My folks also gifted some shares of a closely held family business to all of their children. Each child got Y shares, whether they were single or married at the time, whatever their age or stage of life or financial situation.
I have two nephews, one of whom is living with a girlfriend and the other, while not living with his girlfriend, has been dating her for years. Until now I never got the girlfriends any gifts, but since the one couple moved in together it suddenly feels like the landscape has changed. The other nephew has had a much longer relationship, but they both still live at home, and that never prompted me to feel like I had to give his girlfriend a gift, so somehow the cohabitating put it all on a different level. I can’t just get the cohabitating girlfriend a gift, especially since she has been in my nephew’s life for a much shorter time than the non-cohabitating girlfriend. So I decided to get each couple a gift card to a cool restaurant local to where they each live, and put on it enough to pay for 2 meals. This way I don’t have to pick out separate gifts for the girls, whom I don’t know well, yet it includes them in the main holiday gift to each nephew. It gets so complicated as they get older!
I have two kids living with their SOs this year. I’m wondering what to do, too. In the past, I’ve bought a gift for my D’s boyfriend (4 years), usually with input from D as to what he could use. I like the dinner out idea. Both couples are into living simply without a lot of “stuff”, so experience gifts would probably be appreciated. I’m planning on stockings for all of them.
I think the most important thing is to make them feel included. If you give stockings, it is not important that the value of items be equal, just that they are similar in value or type. Don’t give one diamond earrings and the other Gummy Bears.
We have given SOs 1/2 the dollar amount given to the child. After marriage we would give equal amounts.
I also think it depends on the gift giving or opening is going to occur with both of them present - for the presents - at the same time. Like is it family gift giving time and everyone is there - or are you giving GF later in the evening when she comes over after visiting her family?
If the couple is not looking or asking for a certain shared gift or $ towards a certain shared gift (like a kitchen appliance or something) I do vote for separate gifts for individuals. At Christmas I think it’s nice to get things (or to receive) that are JUST FOR YOU, not shared. Some splurges if possible.

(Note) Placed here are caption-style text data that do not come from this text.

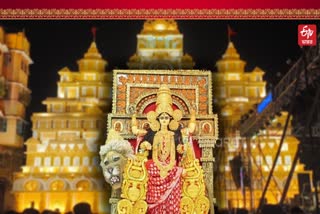 Paschim Medinipur Jagadhatri Puja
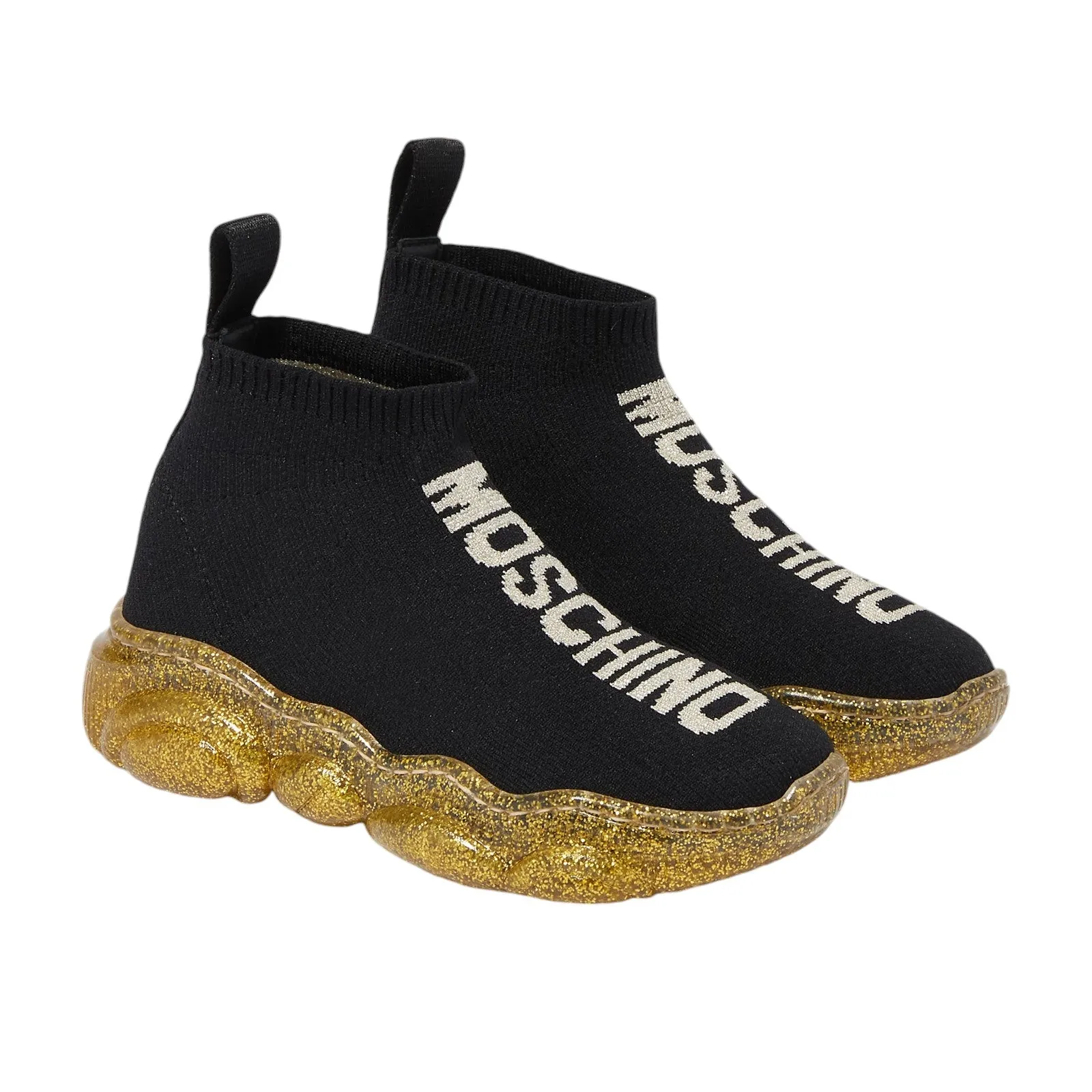 Sneakers MOSCHINO Kids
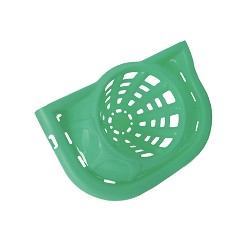 Cubo Caution. 16 Litros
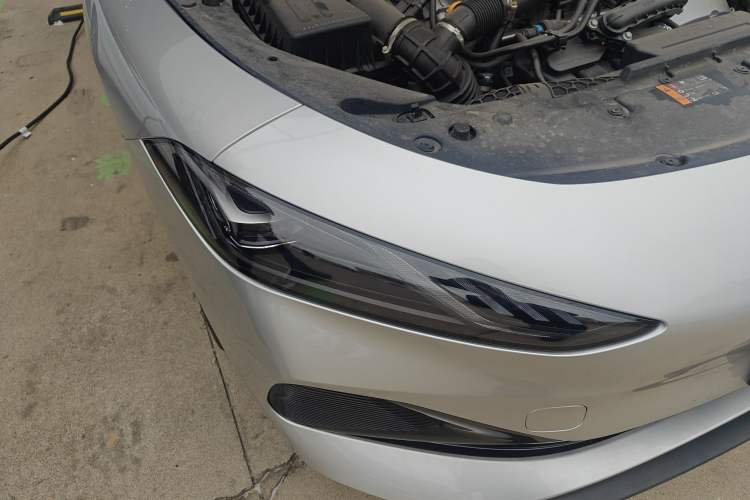 Used Roewe D7 2025 DMH 125km World Champion Excellence Edition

With SO gifts, we never wanted our gifts to impact or “get ahead” of the relationship. We included SOs in the gift exchanges, choosing things they would appreciate, while attempting to avoid over-doing it. We wanted the couples themselves to drive that bus and set the pace. Living together didn’t change gifting, longevity did a bit.
Now that DD is married, the gifting to both will likely be some shared, some individual gifts and closer to the same. We don’t cost out our non-cash gifts to the penny for equality with our kids; everyone has a great birthday or holiday with general parity. Hope it works.
We started giving my son’s girlfriend gifts when she started spending Christmas breaks with us. They’d been together a couple of years at that point. I don’t know when her birthday is, and I don’t mail her gifts. But she gets a stocking and a nice present from us. She also gives us presents. (Though I don’t think she gives our other son presents - and he doesn’t give her one.) I think it’s trickier with money. I might talk to your kids and see what they think seems fair.
My 34 yr old D told me that she believes that she is special and that her H would never expect the “same” in our gifts to him that we give to her :)). That said, if the OP is giving a large gift to his children it is not necessary to give a significant other or even a spouse the same amount at all. Give the BF/GF a very nice gift, preferably not $. Even a gift certificate. We now give S and DIL either a trip with us close to the Holidays or a check to the two of them. Neither SIL or DIL come from a big gift giving family so we are off the hook more than most families. We spend a significant amount of money on various things during the yr. I just took DIL shopping for her interview clothes for her residency.
As far as BF or GF I think giving a thoughtful gift is plenty. More if they live together. But a significant amount of $$ --no.
I try to do a b/d package similar to my son’s. He’ll receive a serious item, like boots, or AWAY luggage, then Sox, Star Wars coasters, clothes, fresh coffee delivered for 3 months.
Fiance’s b/d is next month, and I asked for a list. Some are big ticket items, like short boots and a medium weight jacket, others like face products or a sweater or a scarf. Some of these items will be carried over for Hanukkah. At the start of their relationship, she asked for kitchen items. That was easier.
I don’t know,if I should start a new thread, but I don’t know if UGGs are still the boots of choice for a 30 y.o. Woman. What is the preferred jacket?
Son chose Blundstone boots. He was fine getting $$ and choosing his own.
Girlfriend of a year and they will not be spending the Holiday together. What are your thoughts on giving her a small gift this Christmas? I would ask my son beforehand.
Yes to a small gift.
Last Christmas both of my daughters were living with their fiancés. One I have known well for over a decade and the other who was newish. We decided to treat them exactly the same way as we treated our own kids with the caveat that we have a large age gap between our kids and have always given a little more to the young one living at home with no job versus the two with graduate degrees and established careers/finances.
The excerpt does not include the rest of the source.